It is true that checking for young_limit==young_alloc_end is not exactly like young_ptr < young_limit, but I think making young_limit==young_alloc_end an explicit invariant of when pending actions should be performed is technically sound. (I may also be missing your point, in that case could you please give us a more detailed explanation of your objection?)
Furthermore, in bytecode it is a bit more complicated indeed given that now sometimes the test is young_ptr < young_limit, other times it is caml_something_to_do, but I would prefer to simplify bytecode by always checking for the same condition (so, young_limit==young_alloc_end).
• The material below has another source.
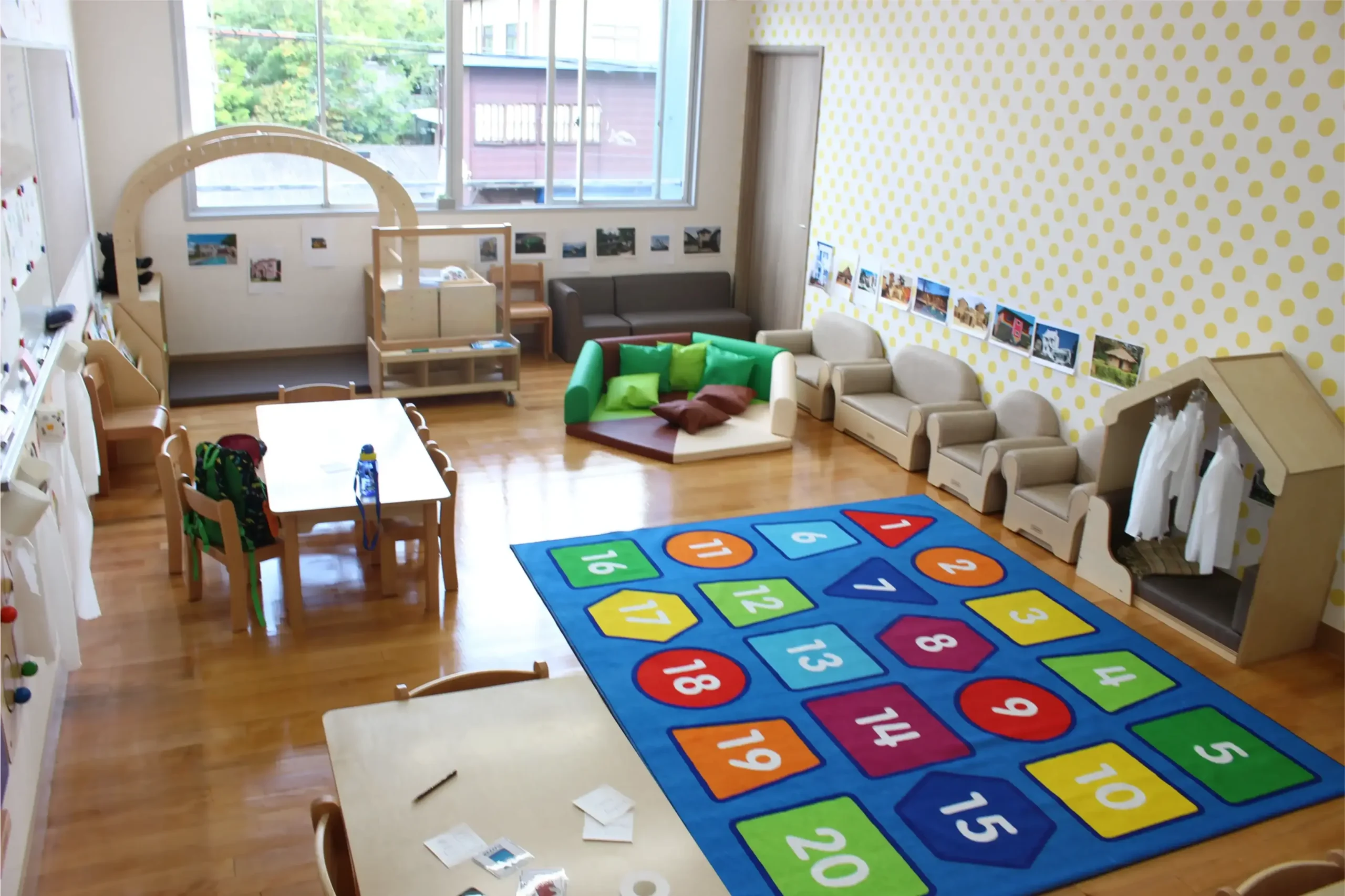 Bright early childhood learning classroom in a world schools setting with colorful educational play area.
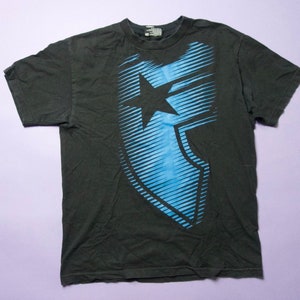 May include: A dark green t-shirt with a blue and white graphic of a star inside a stylized shape.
I can propose to make the non-checking function internal and provide a public function that does the test before calling the internal function.
The following piece of code from ocamlcc.1.0/runtime/ocamlcc-signals.c makes me think further (it relies on internals):
if (caml_something_to_do) {
long ocamlcc_save_sp_offset;
SaveSp(ocamlcc_save_sp_offset);
sp[-frame_sz - 1] = sp[-frame_sz - 2] = sp[-frame_sz - 3] =
sp[-frame_sz - 4] = sp[-frame_sz - 5] =
sp[-frame_sz - 6] = Val_unit;
OffsetSp(-frame_sz - 6);
do {
caml_something_to_do = 0;
caml_process_event();
} while (caml_something_to_do);
ResetSp(-frame_sz - 6);
RestoreSp(ocamlcc_save_sp_offset);
}If we do want to support the inner loop, it looks to me that we need to expose caml_get_urgent_to_do(), contrary to what I advocate. But I do not know if we want to support something like it. We can keep caml_get_urgent_to_do internal, since they already rely on internals.
We will see what I come up with.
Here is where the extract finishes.